Se questo mondo si avvia verso l’autodistruzione ambientale e se queste città in cui viviamo sono già morte, popolate da zombies a cui è rimasto l’unico istinto di recarsi nei centri commerciali come nei film di Romero, nondimeno nella nostra breve vita c’è forse qualcosa d’altro che meriti di essere fatto e a cui si possa così facilmente rinunciare che non sia provare a essere più liberi possibili, a non dargliela vinta, a provare a autocostruire e autogestire incontri, luoghi e situazioni di libertà, capaci di restituirci un po’ di quel terreno che tutti i giorni ci viene tolto da sotto i piedi? Che sia per i propri figli per chi li ha, o “solo” per se stessi, non c’è altra soluzione che combattere, provare a creare una realtà più all’altezza del nostro desiderio di vivere.

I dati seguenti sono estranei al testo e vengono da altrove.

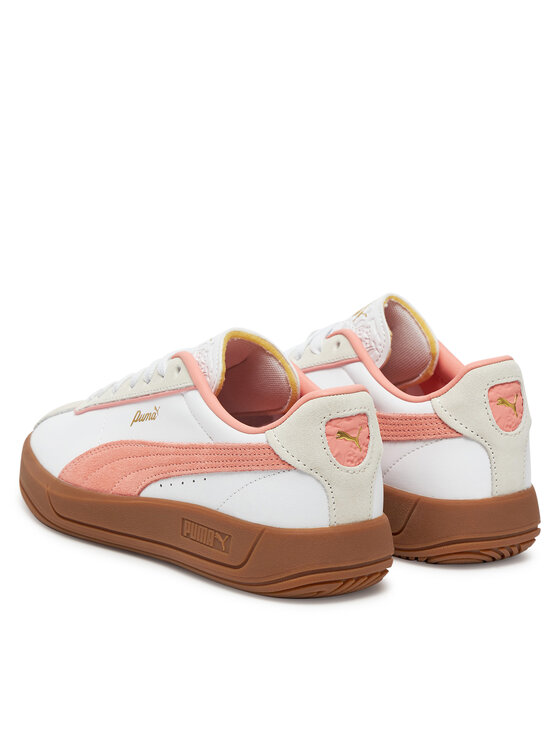 Puma Снікерcи Puma Club Klassika 400364 04 Білий
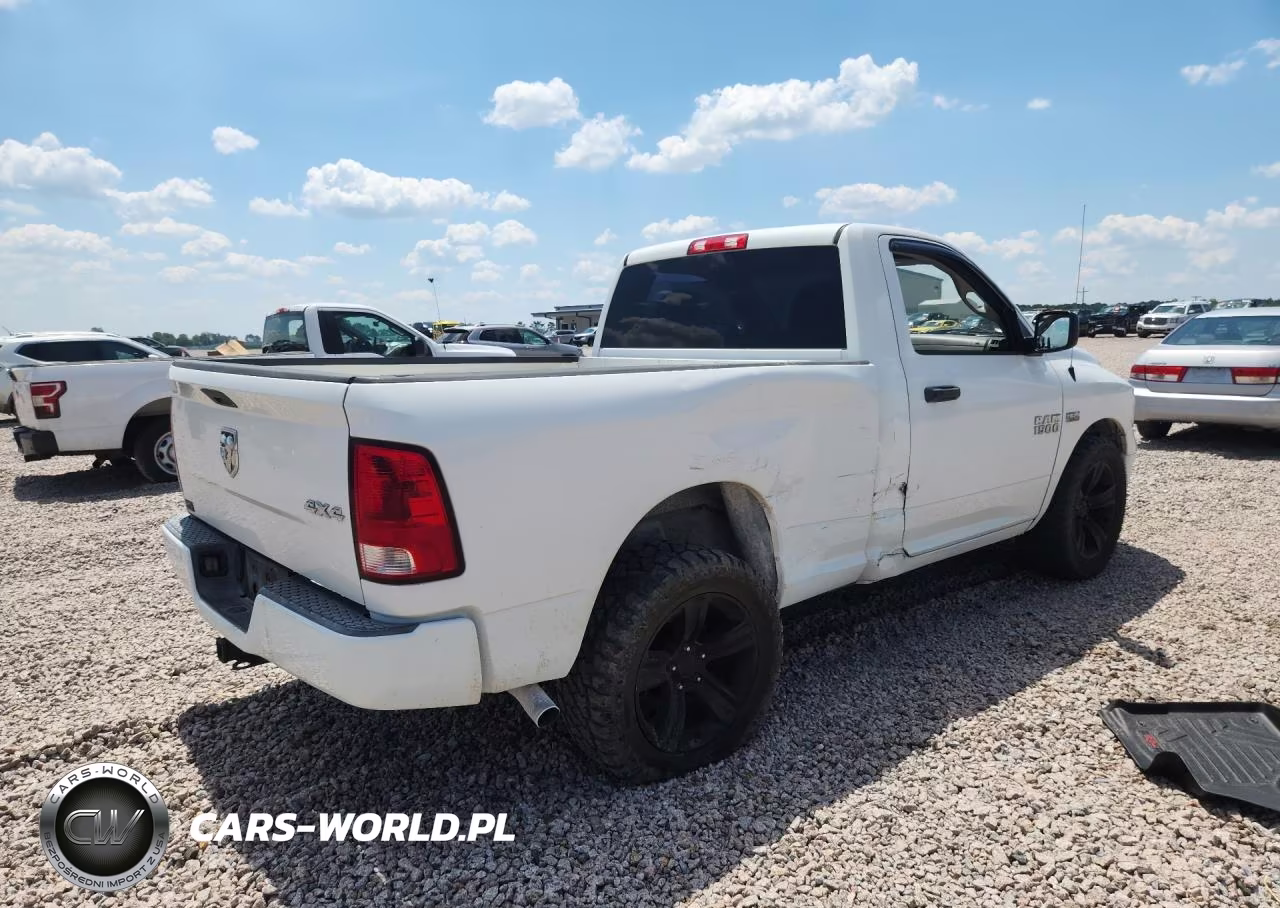 2014 Ram 1500 St VIN:3C6JR7AT2EG176635 - 3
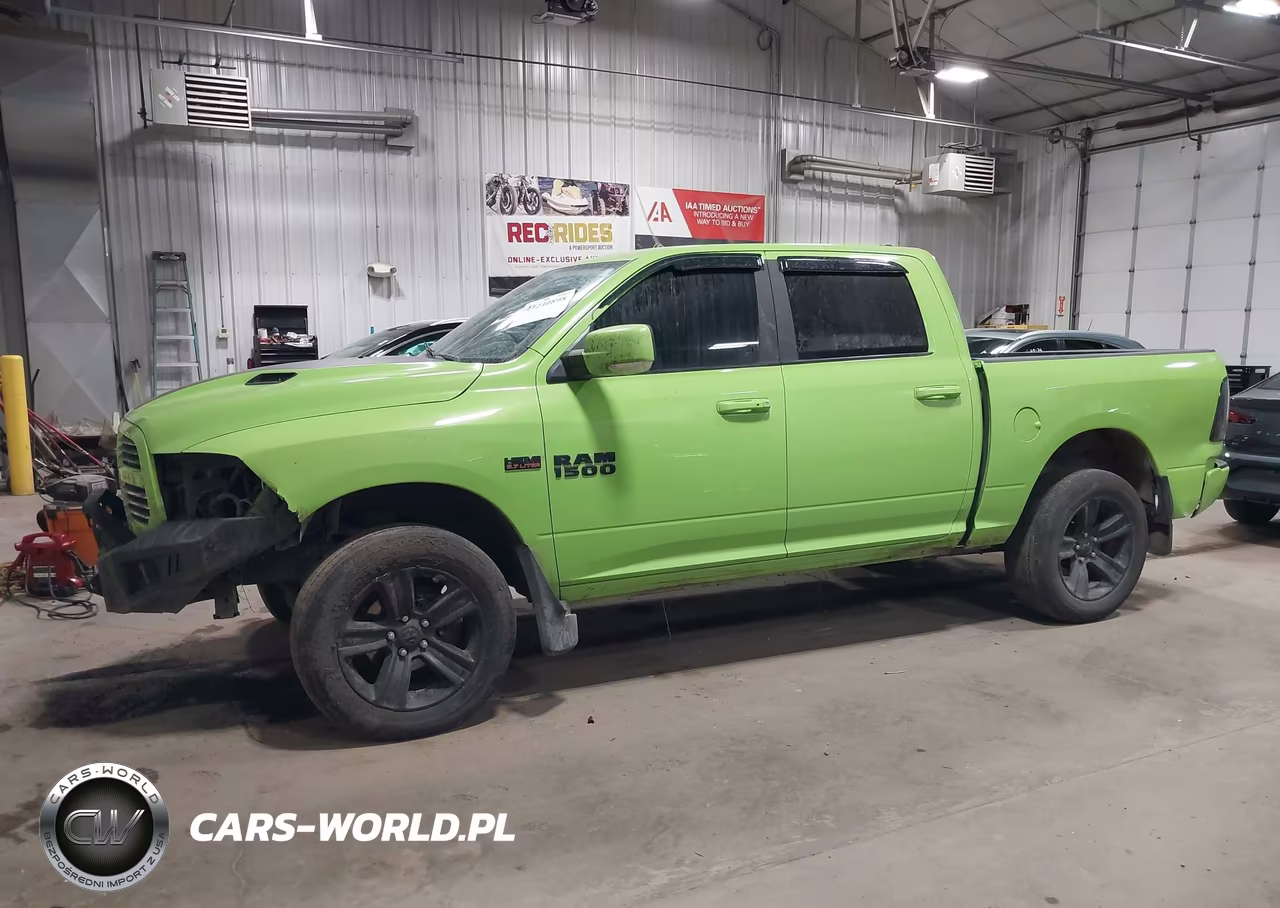 2017 Ram 1500 Sport VIN:1C6RR7MT6HS769930 - 14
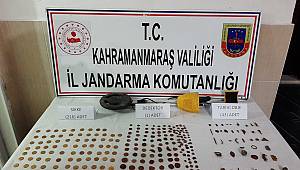Kahramanmaraş’ta tarihi eser operasyonu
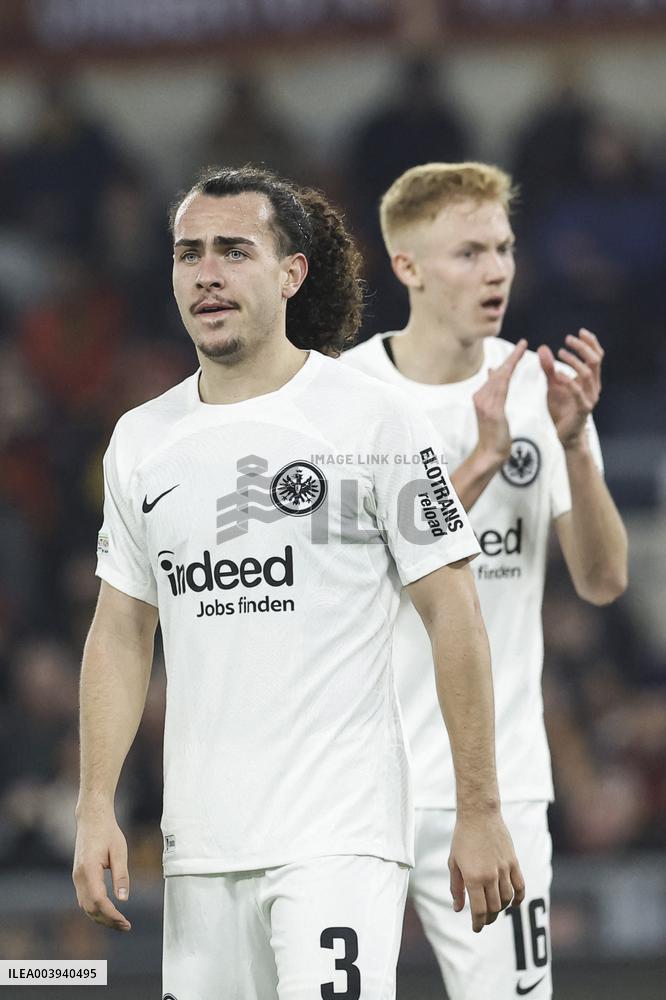 CALCIO - UEFA Europa League - AS Roma vs Eintracht Frankfurt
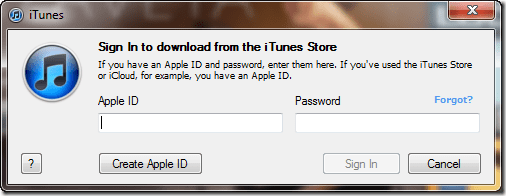Opret Apple-id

In questo senso e non per farne un feticcio, ha un senso parlare ancora del 20 luglio 2001. Al di fuori di ogni commemorazione e lamentela, queste parole vogliono essere la testimonianza di una sensibilità che non si è persa, e l’auspicio/invito che essa, mossa dall’orgoglio, abbia la capacità, l’intelligenza e la creatività di riemergere in mille rivoli di insubordinazione e rivolta, gioiosa e rabbiosa allo stesso tempo. E se non sarà la rivoluzione il risultato di questi tentativi, non importa; quel che conta è esserci, qui ed ora, ed essere all’altezza dei propri desideri di libertà.